Depends on who the producer is.

  • Larger producers will have juice sent to them on the mainland;
  • Small producers will complete vinification on the island.

15

Does sparkling Shiraz:

  • sometimes
  • always
  • never

go through malolactic conversion?

Will sparkling Shiraz see oak?

Sparking Shiraz always goes through malolactic conversion.

  • It may or may not see oak -- depends on the producer and their desired style.

16

What methods are used to make sparkling Shiraz?

  • Premium brands use Traditional Method;
  • Cheap brand use Tank, Transfer or Carbonated.

17

What is the typical dosage for sparkling Shiraz?

Why?

20 g/L

  • This amount balances the drying tannins

18

Australian Traditional Method sparkling wines and malolactic conversion:

  • The wines always go through MLF.
  • The wines never go through MLF.
  • It depends on what style the producer wants to make.

 

Again, it depends on what style the producer wants to make.

19

Who are the (large) main Australian producers of Transfer, Tank and Carbonated sparkling wines?

Give a broad style of what these wines are usually like.

  • Brown Bros.
  • Jacob's Creek
  • Yellowglen

These producers make regional and multi-regional sparkling wines and use lots of different grapes.

Their style is usually dry to medium-sweet, low to medium alcohol, light to medium body, and usually very fruity.

20

Are autolytic notes obvious on sparkling Shiraz, the way they are on true Champagne?

Give a quick overview on the style of sparkling Shiraz (acidity, body, alcohol).

  • No obvious autolytic notes on sparkling Shiraz; they're too intensely fruity!;
  • Medium acid, medium to full body, medium to high alcohol.

21

When are sparkling Shirazs released?

 

Released after 1-2 years

22

Australian sparkling Moscato:

  • In which sector is it growing: the home or export market?
  • Where are the grapes grown?
  • Which methods are used?

  • Sales growing in home market;
  • Grapes grown in warmer climates;
  • Tank for higher quality, carbonated for cheaper quality

23

What is the main area of production for Australian Prosecco?

King Valley

24

In what year was the first release of Australian Prosecco?

Who made it?

2004 by Dal Zotto

25

If Australian Prosecco is exported to the EU, what must change on the label?
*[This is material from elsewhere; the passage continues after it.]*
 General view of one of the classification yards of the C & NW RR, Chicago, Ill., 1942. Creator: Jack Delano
Prosecco must be changed to Glera

26

What method is generally used to make Australian Prosecco, and what style is it typically?
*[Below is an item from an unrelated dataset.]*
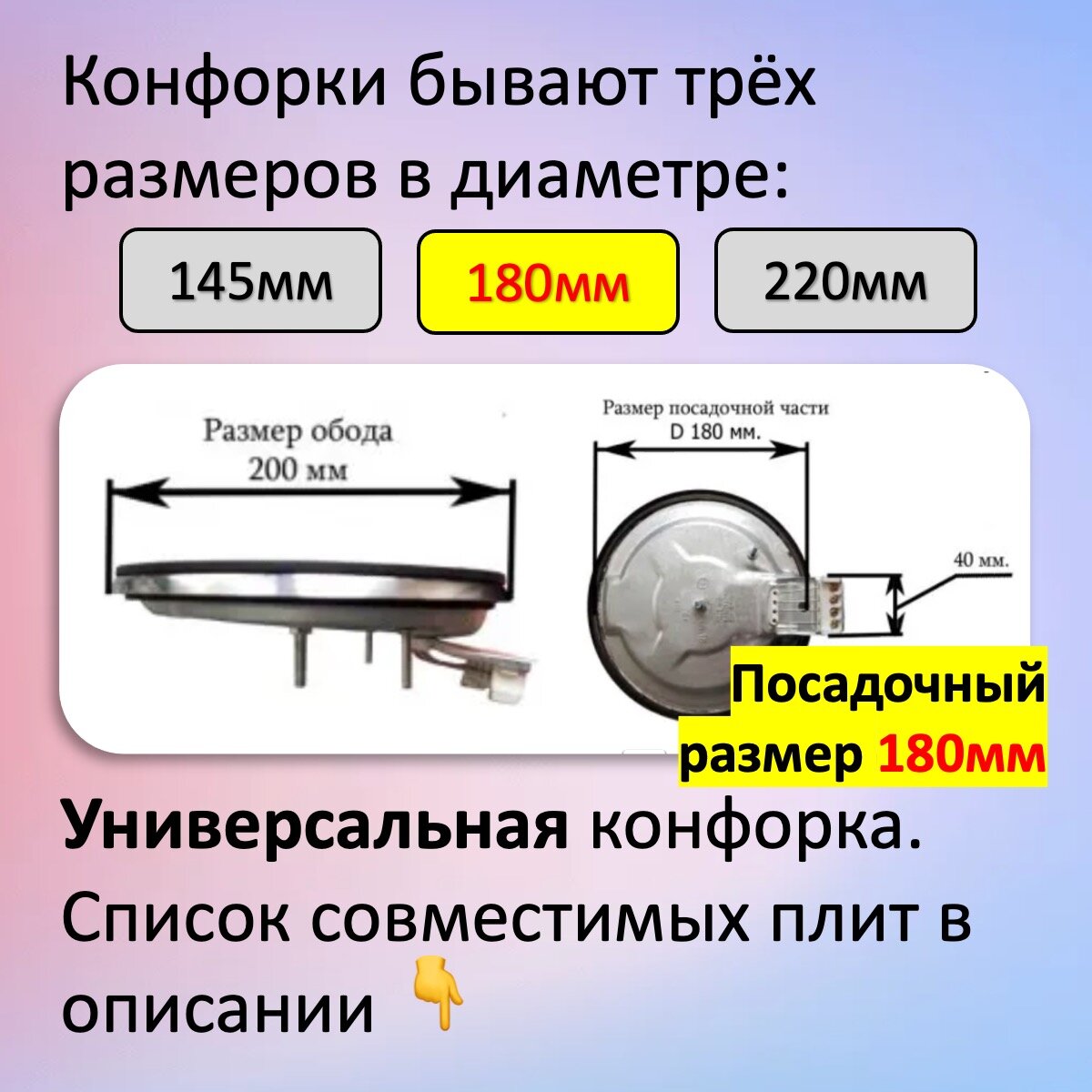 Конфорка чугунная с ободом 180 мм, 1.5 кВт — фото 1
Tank Method is generally used, though some are carbonated.

  • typically off-dry to med-dry

27

Who makes most Australian Prosecco: big brands or small producers?

 

Small producers make Australian Prosecco

28

Who makes Pet-Nat in Australia - large or small producers?
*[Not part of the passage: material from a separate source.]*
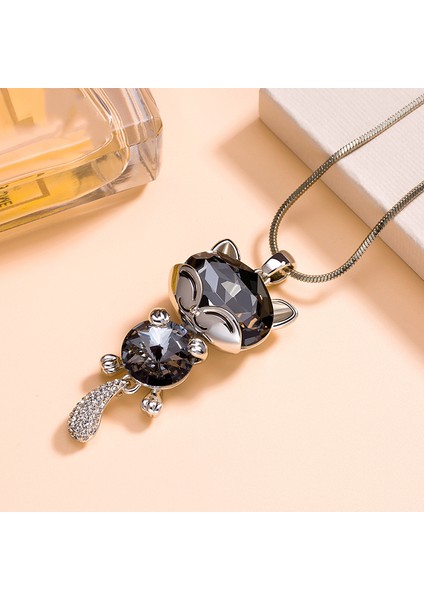 Yüzlerce Uzun Kolye Kadın Basit Moda Kitty Kristal Kolye Jumper Zinciri Giyim Aksesuarları (Yurt Dışından)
Are they clustered in one region or are they found all over Australia?

  • Small, natural producers;
  • All over Australia using different grape varieties.

29

What styles can Australian Pet-Nat be?

All kinds!

  • White, rosé, red -- usually made in small quantities;
  • Usually cloudy/yeasty;
  • Pressure varies from gently sparkling to fully sparkling;
  • Usually dry, medium+ acid, medium alcohol, light to medium body, medium-pronounced fruit

30

Australian wine laws are loose or strict?

How does that affect winemakers?

Loose​ wine laws

  • Allows winemakers to easily introduce new styles to different markets;
  • Successful small producers may be (and have been) acquired by big brands;
    • e.g. Brown Bros. bought Tamar Ridge.